____ Supplied records

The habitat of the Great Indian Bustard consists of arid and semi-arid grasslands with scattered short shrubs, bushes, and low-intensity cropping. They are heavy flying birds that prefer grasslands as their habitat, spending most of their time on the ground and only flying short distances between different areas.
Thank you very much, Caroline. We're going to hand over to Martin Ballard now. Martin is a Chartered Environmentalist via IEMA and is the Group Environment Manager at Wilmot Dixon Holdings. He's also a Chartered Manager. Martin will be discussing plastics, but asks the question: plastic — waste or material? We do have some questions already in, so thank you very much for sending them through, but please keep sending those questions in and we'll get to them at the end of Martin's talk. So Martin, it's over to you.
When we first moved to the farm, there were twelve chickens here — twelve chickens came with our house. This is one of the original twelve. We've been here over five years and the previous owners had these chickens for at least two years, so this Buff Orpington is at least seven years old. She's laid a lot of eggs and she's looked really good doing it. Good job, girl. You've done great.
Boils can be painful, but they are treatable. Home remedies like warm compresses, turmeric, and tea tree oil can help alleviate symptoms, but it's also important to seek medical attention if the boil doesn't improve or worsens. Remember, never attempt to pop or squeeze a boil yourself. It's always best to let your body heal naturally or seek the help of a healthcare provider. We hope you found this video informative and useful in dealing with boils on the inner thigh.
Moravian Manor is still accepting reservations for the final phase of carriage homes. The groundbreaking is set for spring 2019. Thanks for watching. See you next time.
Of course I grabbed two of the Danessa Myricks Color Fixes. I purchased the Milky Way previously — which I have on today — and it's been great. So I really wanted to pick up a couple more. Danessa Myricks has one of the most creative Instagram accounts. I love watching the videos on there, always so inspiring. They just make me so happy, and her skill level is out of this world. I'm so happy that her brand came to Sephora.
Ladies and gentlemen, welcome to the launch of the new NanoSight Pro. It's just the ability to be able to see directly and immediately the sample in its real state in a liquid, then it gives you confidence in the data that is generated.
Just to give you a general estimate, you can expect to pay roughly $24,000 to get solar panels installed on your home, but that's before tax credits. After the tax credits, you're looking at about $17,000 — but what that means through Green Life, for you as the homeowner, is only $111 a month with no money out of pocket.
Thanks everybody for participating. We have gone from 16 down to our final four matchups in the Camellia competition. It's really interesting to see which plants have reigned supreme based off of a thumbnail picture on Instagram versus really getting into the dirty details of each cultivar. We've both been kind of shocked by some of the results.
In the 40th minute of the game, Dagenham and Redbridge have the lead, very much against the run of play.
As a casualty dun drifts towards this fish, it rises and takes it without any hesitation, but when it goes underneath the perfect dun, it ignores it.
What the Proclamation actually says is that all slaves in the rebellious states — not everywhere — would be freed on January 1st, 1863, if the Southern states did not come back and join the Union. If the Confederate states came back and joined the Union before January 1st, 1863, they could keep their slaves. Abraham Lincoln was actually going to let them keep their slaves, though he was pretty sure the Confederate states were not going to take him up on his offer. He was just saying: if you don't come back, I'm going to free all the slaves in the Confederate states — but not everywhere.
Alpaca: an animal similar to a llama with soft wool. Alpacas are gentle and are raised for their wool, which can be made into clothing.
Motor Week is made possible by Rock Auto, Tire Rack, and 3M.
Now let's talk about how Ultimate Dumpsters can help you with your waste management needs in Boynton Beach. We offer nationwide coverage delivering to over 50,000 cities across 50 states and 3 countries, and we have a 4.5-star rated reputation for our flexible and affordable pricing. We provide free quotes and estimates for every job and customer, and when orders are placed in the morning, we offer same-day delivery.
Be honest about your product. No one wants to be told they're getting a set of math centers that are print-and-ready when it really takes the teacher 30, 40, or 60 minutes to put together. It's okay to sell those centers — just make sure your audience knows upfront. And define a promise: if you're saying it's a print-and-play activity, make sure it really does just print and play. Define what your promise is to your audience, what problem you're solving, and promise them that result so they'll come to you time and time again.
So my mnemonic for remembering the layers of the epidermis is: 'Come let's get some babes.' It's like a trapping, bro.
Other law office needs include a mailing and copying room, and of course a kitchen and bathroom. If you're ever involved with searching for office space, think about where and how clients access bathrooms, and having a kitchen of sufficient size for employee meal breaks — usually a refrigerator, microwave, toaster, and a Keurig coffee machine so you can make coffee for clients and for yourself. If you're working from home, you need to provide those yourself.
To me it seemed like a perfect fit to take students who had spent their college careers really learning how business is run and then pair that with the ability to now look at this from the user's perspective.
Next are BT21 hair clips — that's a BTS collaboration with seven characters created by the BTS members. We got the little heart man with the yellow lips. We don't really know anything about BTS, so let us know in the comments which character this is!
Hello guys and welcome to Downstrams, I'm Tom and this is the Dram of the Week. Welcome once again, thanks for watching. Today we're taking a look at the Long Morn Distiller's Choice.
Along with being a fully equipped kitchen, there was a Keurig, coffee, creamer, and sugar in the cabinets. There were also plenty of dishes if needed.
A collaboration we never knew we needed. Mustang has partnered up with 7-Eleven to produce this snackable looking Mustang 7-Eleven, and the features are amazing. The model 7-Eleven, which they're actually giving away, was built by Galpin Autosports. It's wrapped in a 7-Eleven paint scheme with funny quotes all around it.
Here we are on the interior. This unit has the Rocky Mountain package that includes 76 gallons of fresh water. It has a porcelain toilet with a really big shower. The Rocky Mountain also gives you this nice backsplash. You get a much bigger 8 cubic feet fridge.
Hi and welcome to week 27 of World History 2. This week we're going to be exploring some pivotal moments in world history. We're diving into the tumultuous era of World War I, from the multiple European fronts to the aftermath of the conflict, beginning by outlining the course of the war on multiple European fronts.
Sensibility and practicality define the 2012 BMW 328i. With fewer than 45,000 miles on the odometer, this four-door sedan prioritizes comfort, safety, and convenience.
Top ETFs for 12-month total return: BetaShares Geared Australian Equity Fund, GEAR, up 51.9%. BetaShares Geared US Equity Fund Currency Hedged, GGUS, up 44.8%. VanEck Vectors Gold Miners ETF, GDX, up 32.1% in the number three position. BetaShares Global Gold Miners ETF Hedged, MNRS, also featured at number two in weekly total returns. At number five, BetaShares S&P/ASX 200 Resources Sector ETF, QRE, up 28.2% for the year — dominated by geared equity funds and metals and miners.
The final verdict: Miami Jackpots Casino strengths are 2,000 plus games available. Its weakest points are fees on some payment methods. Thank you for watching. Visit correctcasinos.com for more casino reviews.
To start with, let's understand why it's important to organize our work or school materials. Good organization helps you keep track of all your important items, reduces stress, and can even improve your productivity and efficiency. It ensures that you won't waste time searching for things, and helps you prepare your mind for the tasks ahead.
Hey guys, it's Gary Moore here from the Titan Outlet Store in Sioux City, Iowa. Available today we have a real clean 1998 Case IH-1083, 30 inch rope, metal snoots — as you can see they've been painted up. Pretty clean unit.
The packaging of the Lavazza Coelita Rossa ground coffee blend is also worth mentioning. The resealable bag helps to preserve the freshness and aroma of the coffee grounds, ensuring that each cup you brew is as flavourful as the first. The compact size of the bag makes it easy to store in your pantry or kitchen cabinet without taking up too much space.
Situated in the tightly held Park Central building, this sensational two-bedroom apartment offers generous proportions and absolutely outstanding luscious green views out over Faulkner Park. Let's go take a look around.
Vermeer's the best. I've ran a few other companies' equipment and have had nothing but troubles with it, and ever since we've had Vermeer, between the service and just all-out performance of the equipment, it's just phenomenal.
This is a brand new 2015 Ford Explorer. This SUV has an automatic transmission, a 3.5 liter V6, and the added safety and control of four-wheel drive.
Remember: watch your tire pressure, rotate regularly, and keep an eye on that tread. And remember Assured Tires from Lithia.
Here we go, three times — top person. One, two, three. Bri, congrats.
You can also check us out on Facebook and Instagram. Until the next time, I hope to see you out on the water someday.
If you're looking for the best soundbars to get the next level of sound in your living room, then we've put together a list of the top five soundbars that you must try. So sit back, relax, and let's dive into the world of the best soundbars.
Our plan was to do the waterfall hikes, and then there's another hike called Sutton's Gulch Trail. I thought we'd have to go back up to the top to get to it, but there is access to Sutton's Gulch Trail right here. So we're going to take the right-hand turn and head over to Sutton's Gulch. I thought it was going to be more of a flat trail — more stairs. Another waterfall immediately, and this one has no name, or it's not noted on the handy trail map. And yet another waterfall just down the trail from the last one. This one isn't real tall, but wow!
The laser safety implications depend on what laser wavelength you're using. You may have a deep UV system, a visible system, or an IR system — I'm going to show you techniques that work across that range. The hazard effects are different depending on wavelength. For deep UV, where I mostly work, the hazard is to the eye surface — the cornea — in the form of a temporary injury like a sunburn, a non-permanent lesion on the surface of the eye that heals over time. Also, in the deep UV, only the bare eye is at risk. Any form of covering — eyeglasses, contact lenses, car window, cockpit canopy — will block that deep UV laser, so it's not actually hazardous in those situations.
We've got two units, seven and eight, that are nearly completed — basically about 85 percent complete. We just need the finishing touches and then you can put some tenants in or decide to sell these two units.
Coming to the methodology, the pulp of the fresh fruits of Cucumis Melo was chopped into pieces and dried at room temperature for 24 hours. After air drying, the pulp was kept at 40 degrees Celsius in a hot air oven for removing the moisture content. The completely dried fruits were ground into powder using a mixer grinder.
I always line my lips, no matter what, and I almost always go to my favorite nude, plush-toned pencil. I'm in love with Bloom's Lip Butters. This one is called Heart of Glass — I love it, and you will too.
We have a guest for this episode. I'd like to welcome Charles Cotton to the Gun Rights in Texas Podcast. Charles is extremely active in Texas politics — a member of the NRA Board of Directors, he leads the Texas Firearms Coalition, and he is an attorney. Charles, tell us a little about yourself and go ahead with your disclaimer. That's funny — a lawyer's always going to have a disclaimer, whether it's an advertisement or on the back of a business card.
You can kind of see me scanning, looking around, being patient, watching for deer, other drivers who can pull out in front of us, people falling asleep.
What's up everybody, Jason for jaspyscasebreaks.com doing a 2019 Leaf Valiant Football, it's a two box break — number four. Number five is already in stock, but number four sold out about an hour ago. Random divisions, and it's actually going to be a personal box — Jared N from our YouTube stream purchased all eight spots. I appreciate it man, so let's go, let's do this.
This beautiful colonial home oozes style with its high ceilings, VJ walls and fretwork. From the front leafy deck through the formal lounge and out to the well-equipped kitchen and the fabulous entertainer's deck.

________

* Work request
Which lines above include "lips"? Show each of them by copying it.

* Response
Next are BT21 hair clips — that's a BTS collaboration with seven characters created by the BTS members. We got the little heart man with the yellow lips. We don't really know anything about BTS, so let us know in the comments which character this is!
I always line my lips, no matter what, and I almost always go to my favorite nude, plush-toned pencil. I'm in love with Bloom's Lip Butters. This one is called Heart of Glass — I love it, and you will too.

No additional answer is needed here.